Immunosuppression is a hallmark of most cancer entities and is pivotal for cancer growth and progression (1, 2). In recent years, accumulating data highlighted myeloid-derived suppressor cells (MDSC) as one of the main driver of an immunosuppressive tumor microenvironment (TME) (3). Their accumulation and activation correlated with tumor progression, metastasis, and recurrence of many types of tumors. In addition, the efficacy of immunotherapy was negatively correlated with an increased MDSC frequency and activity (4, 5). Therefore, targeting MDSC becomes a promising treatment approach to overcome tumor progression and tumor-mediated immunosuppression.
Myeloid-derived suppressor cells represent a heterogeneous population of immature myeloid cells (IMC) that fail to terminally differentiate and exhibit a strong capacity to suppress the functions of T and NK cells (6–9). Under healthy conditions, IMC differentiate into macrophages, dendritic cells (DCs), or granulocytes. During an acute inflammation, IMC expand and differentiate mainly into monocytes and activated neutrophils (7). This process, known as myelopoiesis, is essential to protect the host from pathological conditions. In contrast to acute inflammation, chronic inflammation and cancer are characterized by a persistent release of signals of low stimulatory intensity (10–12). Although these stimuli still activate myelopoiesis, the accumulating IMC fail to completely differentiate into activated neutrophils and monocytes. Instead, the long-term inflammatory signals create conditions for the expansion and activation of MDSC (13, 14). They migrate to the site of inflammation, lymphoid organs, and pre-metastatic niches and promote tumor progression by immunological and non-immunological mechanisms (15). Figure 1 illustrates the biology and functions of MDSC during tumor progression.
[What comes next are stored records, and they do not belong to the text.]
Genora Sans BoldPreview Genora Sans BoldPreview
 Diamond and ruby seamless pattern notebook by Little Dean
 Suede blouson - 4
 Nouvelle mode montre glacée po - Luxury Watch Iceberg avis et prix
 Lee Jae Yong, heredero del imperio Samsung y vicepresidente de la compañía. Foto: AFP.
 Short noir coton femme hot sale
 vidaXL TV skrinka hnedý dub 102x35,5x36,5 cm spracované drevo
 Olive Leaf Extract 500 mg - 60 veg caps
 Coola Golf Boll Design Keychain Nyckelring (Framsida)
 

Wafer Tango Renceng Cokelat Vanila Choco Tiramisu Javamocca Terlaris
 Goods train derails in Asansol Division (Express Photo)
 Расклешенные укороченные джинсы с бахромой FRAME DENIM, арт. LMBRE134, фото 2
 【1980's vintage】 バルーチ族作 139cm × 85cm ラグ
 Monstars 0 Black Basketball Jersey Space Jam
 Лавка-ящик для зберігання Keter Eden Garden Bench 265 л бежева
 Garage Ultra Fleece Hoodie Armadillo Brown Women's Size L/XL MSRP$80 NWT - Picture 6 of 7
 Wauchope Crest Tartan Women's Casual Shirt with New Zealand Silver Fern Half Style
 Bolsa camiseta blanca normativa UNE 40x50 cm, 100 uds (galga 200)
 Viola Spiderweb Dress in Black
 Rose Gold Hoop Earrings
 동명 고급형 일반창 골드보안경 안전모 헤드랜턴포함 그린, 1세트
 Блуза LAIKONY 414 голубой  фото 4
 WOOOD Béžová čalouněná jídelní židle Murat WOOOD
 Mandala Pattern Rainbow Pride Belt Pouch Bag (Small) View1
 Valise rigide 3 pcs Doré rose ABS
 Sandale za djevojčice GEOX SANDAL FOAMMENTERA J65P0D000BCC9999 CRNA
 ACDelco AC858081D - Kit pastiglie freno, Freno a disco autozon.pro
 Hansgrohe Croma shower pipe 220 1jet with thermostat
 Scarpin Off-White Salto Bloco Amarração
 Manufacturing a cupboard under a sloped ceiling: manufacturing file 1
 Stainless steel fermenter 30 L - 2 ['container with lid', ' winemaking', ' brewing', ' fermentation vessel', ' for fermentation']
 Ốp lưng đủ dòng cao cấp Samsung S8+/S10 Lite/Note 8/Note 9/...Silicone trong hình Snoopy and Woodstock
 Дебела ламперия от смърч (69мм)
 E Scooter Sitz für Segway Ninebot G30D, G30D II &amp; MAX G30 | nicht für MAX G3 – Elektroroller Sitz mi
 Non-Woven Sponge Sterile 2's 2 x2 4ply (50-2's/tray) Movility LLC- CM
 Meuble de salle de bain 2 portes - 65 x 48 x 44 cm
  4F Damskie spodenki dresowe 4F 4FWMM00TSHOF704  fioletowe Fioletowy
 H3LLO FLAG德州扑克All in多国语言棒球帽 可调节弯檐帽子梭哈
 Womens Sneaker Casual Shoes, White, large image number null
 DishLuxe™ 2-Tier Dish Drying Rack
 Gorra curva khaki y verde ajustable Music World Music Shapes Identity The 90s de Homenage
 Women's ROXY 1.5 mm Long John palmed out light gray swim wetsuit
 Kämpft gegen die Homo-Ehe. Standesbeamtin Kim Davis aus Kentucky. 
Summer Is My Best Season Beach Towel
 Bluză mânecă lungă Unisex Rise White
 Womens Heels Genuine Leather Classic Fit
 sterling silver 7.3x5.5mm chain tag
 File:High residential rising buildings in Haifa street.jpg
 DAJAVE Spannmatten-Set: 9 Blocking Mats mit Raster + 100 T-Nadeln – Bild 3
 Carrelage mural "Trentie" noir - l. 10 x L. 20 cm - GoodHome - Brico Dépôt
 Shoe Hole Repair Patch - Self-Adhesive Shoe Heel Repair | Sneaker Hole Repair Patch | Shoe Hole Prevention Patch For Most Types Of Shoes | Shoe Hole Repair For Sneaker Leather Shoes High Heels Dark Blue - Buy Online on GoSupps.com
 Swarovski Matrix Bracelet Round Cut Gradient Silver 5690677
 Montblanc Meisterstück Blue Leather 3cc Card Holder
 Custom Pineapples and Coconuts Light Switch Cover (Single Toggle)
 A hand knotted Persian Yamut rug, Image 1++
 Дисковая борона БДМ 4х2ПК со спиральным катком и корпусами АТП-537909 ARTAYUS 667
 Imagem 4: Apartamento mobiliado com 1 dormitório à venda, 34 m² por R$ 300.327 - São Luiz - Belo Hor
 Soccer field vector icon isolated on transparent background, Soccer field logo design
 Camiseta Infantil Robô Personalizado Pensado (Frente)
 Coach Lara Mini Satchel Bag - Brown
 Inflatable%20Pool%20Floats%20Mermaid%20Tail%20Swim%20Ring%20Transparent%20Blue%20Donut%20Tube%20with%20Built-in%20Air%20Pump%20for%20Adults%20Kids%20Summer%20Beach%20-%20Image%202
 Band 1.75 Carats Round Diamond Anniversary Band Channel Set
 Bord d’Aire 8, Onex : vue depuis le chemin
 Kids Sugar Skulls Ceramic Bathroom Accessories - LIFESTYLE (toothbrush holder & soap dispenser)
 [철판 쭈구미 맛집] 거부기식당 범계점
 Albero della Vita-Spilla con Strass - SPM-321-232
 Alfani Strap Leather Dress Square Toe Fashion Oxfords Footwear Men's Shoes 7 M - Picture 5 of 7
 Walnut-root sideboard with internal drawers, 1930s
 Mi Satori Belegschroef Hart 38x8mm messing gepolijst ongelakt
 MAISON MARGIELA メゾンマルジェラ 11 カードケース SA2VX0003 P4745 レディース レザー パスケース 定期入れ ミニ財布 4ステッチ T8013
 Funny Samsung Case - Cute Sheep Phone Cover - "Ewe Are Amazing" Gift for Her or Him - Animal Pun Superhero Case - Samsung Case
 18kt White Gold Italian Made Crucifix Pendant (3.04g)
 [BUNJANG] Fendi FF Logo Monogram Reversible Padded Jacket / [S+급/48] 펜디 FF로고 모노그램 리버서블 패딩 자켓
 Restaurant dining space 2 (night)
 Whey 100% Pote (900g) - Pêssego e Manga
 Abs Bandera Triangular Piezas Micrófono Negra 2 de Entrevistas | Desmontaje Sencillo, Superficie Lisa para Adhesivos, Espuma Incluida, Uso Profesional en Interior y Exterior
Figure 1. Myeloid-derived suppressor cells (MDSC) recruitment and activation during tumor progression. Tumor and immune cells constantly release inflammatory mediators, leading to the dysregulation of normal myelopoiesis and to the conversion of immature myeloid cells (IMC) into MDSC in the bone marrow. The latter cells expand and migrate to the tumor site through the interaction between CCR and respective chemokines (CCL). In the tumor microenvironment, MDSC are activated and strongly inhibit an antitumor reactivity of T cells via various mechanisms.
Phenotype of MDSC
Myeloid-derived suppressor cells consist of two major subpopulations, which are traditionally described by their phenotypical and morphological characteristics. The first population is called monocytic MDSC (M-MDSC), whereas the second is polymorphonuclear MDSC (PMN-MDSC) (8), which was previously known as granulocytic MDSC (6). Both MDSC subsets can be found under pathological conditions in the bone marrow, spleen, lung, peripheral blood, and tumor tissue; in most cancer entities, PMN-MDSC represent more than 80% of all MDSC (16). In mice, M-MDSC are defined as CD11b+Ly6G−Ly6Chigh and share phenotypical and morphological characteristics with monocytes. PMN-MDSC are described as CD11b+Ly6GhighLy6Clow cells and resemble neutrophils (16, 17). In human, M-MDSC are defined as CD11b+CD14+CD15−HLA-DRlow/− cells. Due to the low or absence of the HLA-DR expression, M-MDSC they can be distinguished from monocytes. Human PMN-MDSC are characterized as CD11b+CD14−CD15+HLA-DR− or CD11b+CD14−CD66b+ (17, 18). In addition, a subset of more immature human MDSC characterized as Lin− (including CD3, CD14, CD15, CD19, CD56) HLA-DR−CD33+ cells was defined as early-stage MDSC (eMDSC) (17). At the moment, the mouse equivalent of eMDSC is not clearly determined. Recently, a new marker for human PMN-MDSC has been proposed; they were found to express lectin-type oxidized LDL receptor-1 (LOX-1) that can discriminate them from neutrophils (19).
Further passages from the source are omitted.